Accountability Needed In Insurance Decisions
“How about a little accountability here?”
Robert Moser, actuary for State Farm Fire & Casualty Company in Bloomington, Ill., posed this question in May during a session of the Casualty Actuarial Society's spring meeting in San Diego.
Mr. Moser wasn't necessarily expressing a personal view when he raised the question during one of several role-playing exercises that took place during a session entitled, “Actuarial Professionalism: Could Enron Happen Here?”
Mr. Moser, who took the role of by-the-book stickler who responded to every problem by clinging to precepts of the Societys Professional Code of Conduct, had been presented with a hypothetical problem facing an imaginary actuary, Vinny, who had been hired by an insurance department.
Asked to review the reserves of a small property-casualty company that didn't have much data, Vinny's wide range of estimates included a best estimate that showed the company was insolvent. By contrast, the company's appointed actuary, Sally, whose estimates Vinny believed were “unreasonably low,” had issued a clean reserve opinion.
“What should he do?” the session's moderator, Richard Currie, vice president and actuary for American Re-Insurance Company in Princeton, N.J., asked Mr. Moser.
“It's a no-brainer. He has to speak up,” Mr. Moser said, playing his role and referring to the Code's first precept, which says actuaries must fulfill the profession's responsibility to the public.
Playing out the opposite extreme–the role of an actuary that Mr. Currie described as the “business person”–David Otto, consulting actuary for The Kilbourne Company in San Diego, responded. “It certainly is a no-brainer,” Mr. Otto said. Vinny's “best estimate says they're insolvent, but we all know there's a range of reasonable estimates, and he could certainly go with a lower number and the company will be fine. Plus, Sally's the appointed actuary. She probably knows a lot more than Vinny” anyway, he said.
Stickler Moser responded in character. “Look at this whole Enron situation. Say that you've done your analysis and you have papers lying around your desk that say your best estimate puts this company out of business. What if the company does go out of business and you said nothing.
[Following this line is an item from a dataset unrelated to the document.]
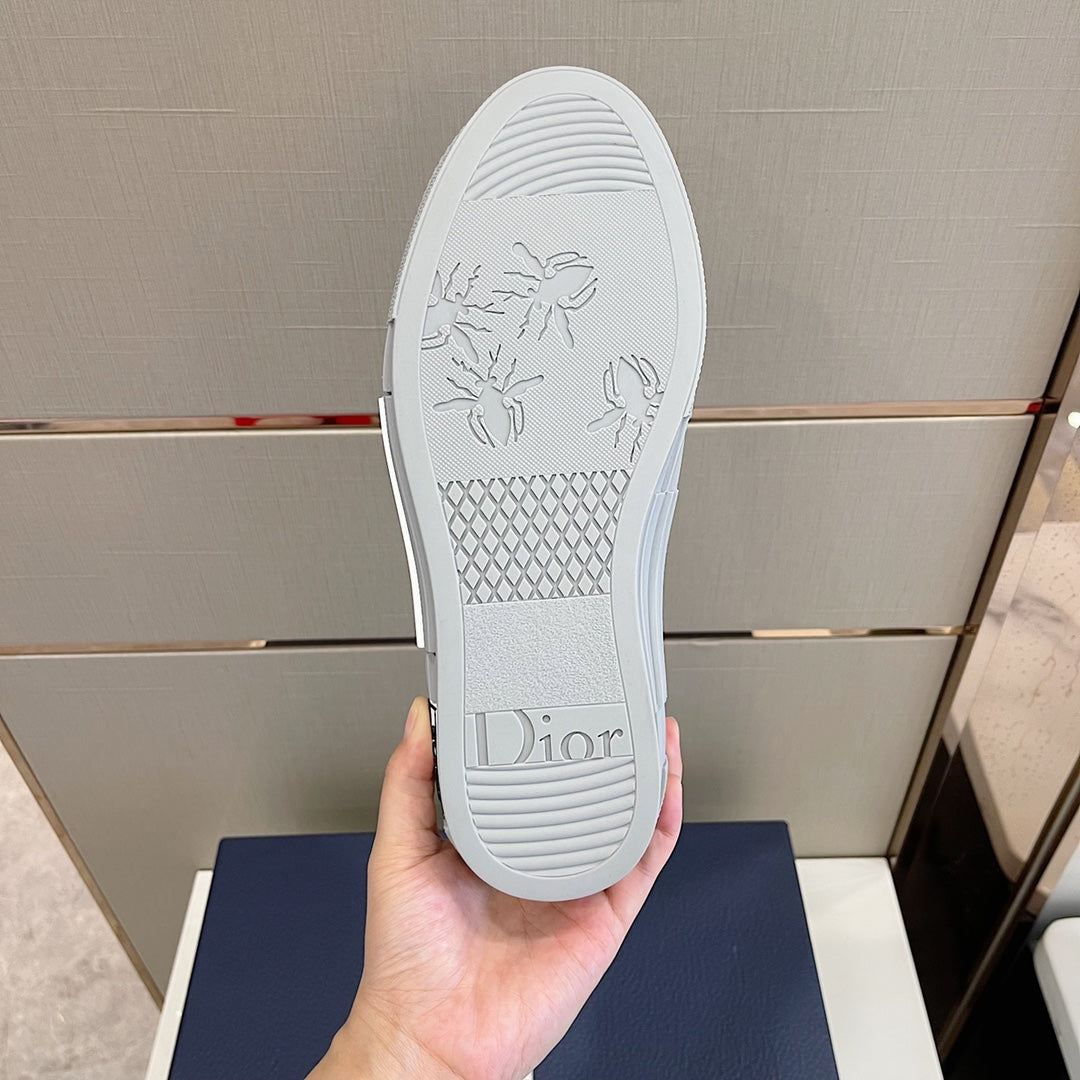 Luxury Shoes - DIR - 1097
Are you going to shred documents?” he asked.
“Hindsight's 20-20,” Businessman Otto replied. “We all know that a critical part of actuarial science is judgment,” dismissing his responsibility just because “things turned out to be bad.”
“Maybe my decision to go with the lower [answer] was a good one at that time,” he said, prompting Stickler Moser to launch into questions about the need for accountability to counterbalance “actuarial judgment and creativity.”
While Mr. Currie stressed that positions being played out were “caricatures,” audience responses to the situations were real, as were the views that Jeffrey Post, president and chief executive officer of Fireman's Fund Insurance Company in Novato, Calif., expressed from the podium at the meetings closing session.
During that separate session on market cycles, Mr. Post, who is a fellow of the Casualty Actuarial Society, also challenged the actuaries in attendance to replace creativity with accountability.
“This industry has a track record of consistent financial underperformance. That should make everyone in this room madder than hell [because] we are the financial conscience of the insurance industry,” he said. Noting that the industry had averaged only a 10 percent return over the last 10 years, “there's no reason it needs to be that way,” he said. “We need to step up as actuaries, act professionally, and get this industry back to a level that makes it sustainable going forward.”
He also said: “I challenge you to ask whether an Enron-type situation may have already happened somewhere in our industry and we just dont know it yet.”
At the Enron session, Mr. Currie pointed out that the insurance industry has had its share of Enrons, starting with the downfall of Equity Funding Corp., a huge life insurer found to be issuing fraudulent policies in the early 1970s. “At the center of the fraud was the company's actuary, who ended up spending time in prison for his actions,” he said. “Seemingly insignificant acts can eventually end up as a major fraud.”
While none of the speakers accused current-day actuaries of blatant fraud, Mr. Post was unrelenting in his consciousness-raising efforts during the session on market cycles.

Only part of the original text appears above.